Defendant portrays A.C. as unequivocally biased against him. In
doing so, defendant focuses only on the last few answers A.C. gave
in response to trial counsel’s questions. This selective focus on those
answers given by A.C. that suit defendant’s argument skews the
analysis of whether trial counsel was deficient. The entire voir dire of
A.C. should be considered in evaluating whether and to what extent
A.C. exhibited bias against defendant.
Even after saying that he believed sex offenders should be locked
up for life, A.C. stated that, notwithstanding that belief, he would be
able to listen to the evidence and render a decision apart from the sex
offender issue. He said that he did not think a sex offender
background would influence his decision on the case. Not satisfied
with that answer, defense counsel pressed A.C. to state unequivocally
that such a background would not influence his decision. Only then
did A.C. state that he could not be fair with the case. Other
prospective jurors also expressed negative feelings about sex
offenders. Trial counsel exercised peremptory challenges to some, but
not all, of these jurors. For example, juror 41 stated that he had young
children at home. He was uncertain whether he could be neutral in
making a decision about a sex offender. Defense counsel exercised a
peremptory challenge to this juror. Juror 120 stated that a member of
his family had an experience with a sex offender some years ago.

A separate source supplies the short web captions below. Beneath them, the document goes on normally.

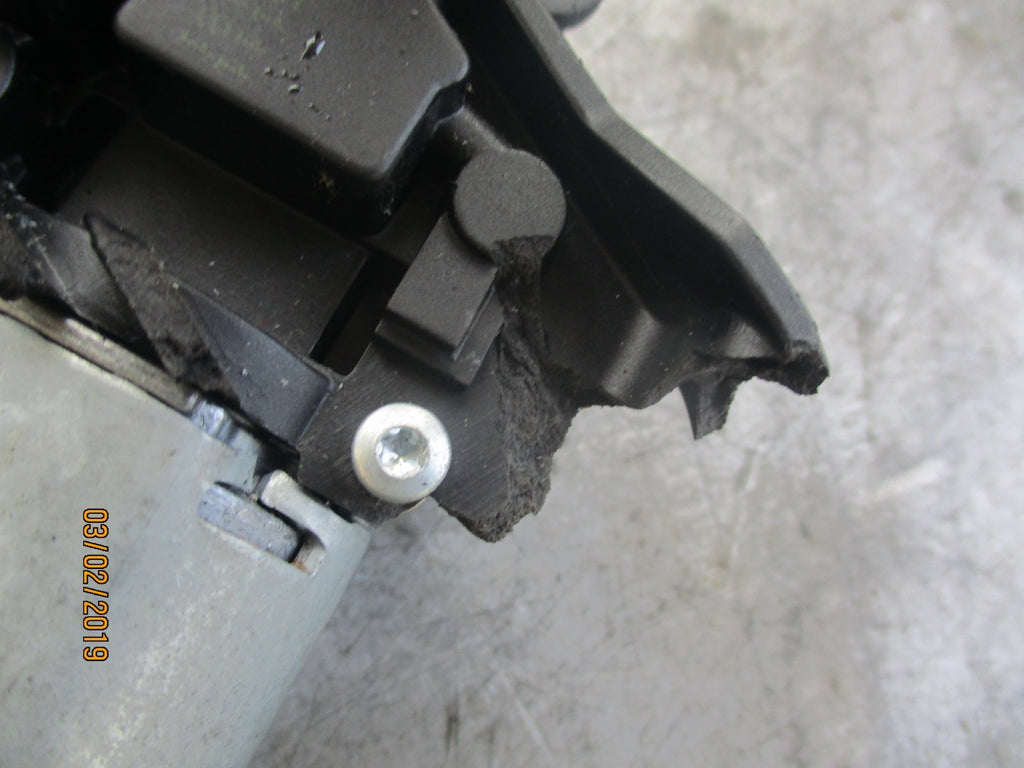 RENAULT KADJAR 2016 REAR WIPER MOTOR 287108228R 0390205007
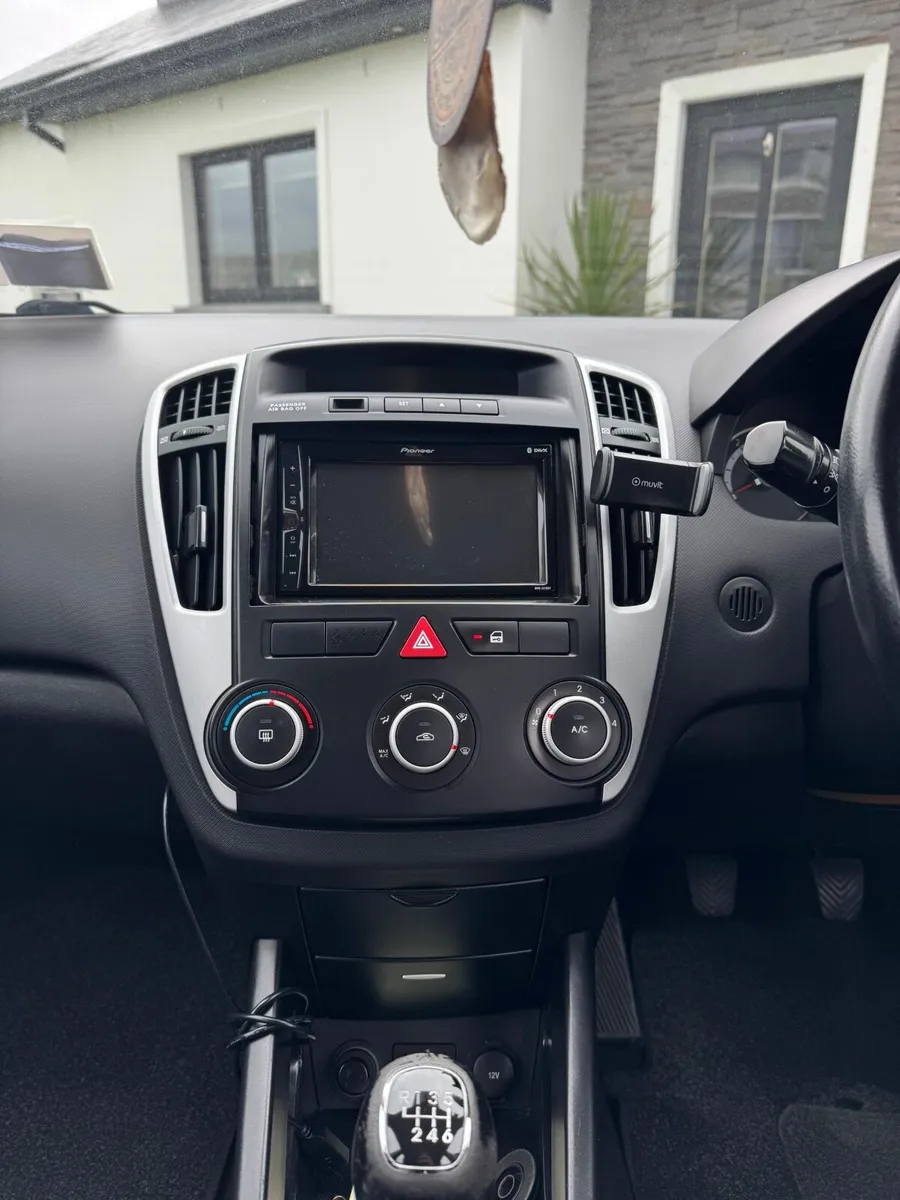 Kia Ceed 2011 - Image 2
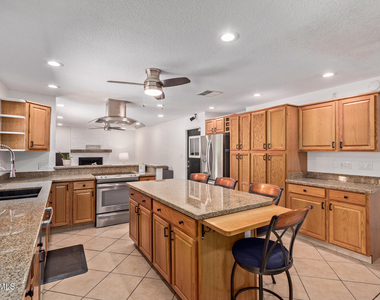 1347 W Lobo Avenue - Photo Thumbnail 10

When asked if that would affect him if he were dealing with a sex
offender on an issue that had nothing to do with a sex offense, this
juror stated that it probably would not. Defense counsel did not
exercise any challenge to juror 120.
-12-
Thus, counsel was sensitive to the fact that revealing defendant’s
sex offender status might give rise to doubt on the part of some venire
members that they could be fair and impartial. Defendant’s attorney
was faced with a difficult case, given the strong evidence against
defendant, and his chosen strategy reflected that difficulty.
Highlighting defendant’s sex offender status was a risky choice, given
largely negative views of sex offenders by the general public. Based
upon his decisions as to when to exercise peremptory challenges, it
does not appear that counsel expected prospective jurors to be able to
completely put those views aside.
Considering the entire voir dire of A.C. in context, it is possible
that defendant’s trial counsel decided that A.C. was not unequivocally
biased. In addition, there were other factors that counsel may have
taken into consideration, such as the fact that A.C. was not a native
of this country and that he had had encounters with law enforcement
officers in connection with his two speeding tickets. Attorneys
consider many factors in making their decisions about which jurors to
challenge and which to accept. As we have stated, this is part of trial
strategy, which is generally not subject to challenge under Strickland.
Reviewing courts should hesitate to second-guess counsel’s strategic
decisions, even where those decisions seem questionable.
In People v. Begay, 377 Ill. App. 3d 417 (2007), the defendant
challenged his trial attorney’s failure to seek removal of a juror for
cause. During voir dire, the juror stated that her mother had been
assaulted at knifepoint during a robbery. When the trial court asked
the juror whether that experience would affect her ability to be fair
and impartial, the juror said it would. The court then stated, “All right.
So you wouldn’t be fair, either?” The juror replied, “No.” Id. at 423.
In rejecting the defendant’s argument that her counsel’s performance
was deficient under Strickland, the appellate court theorized that
defense counsel could have believed that the juror would sympathize
with the defendant, who claimed that when the offenses occurred, she
was being attacked by a knife-wielding aggressor. Thus, the appellate
court found trial counsel’s decision to be a strategic one. Id.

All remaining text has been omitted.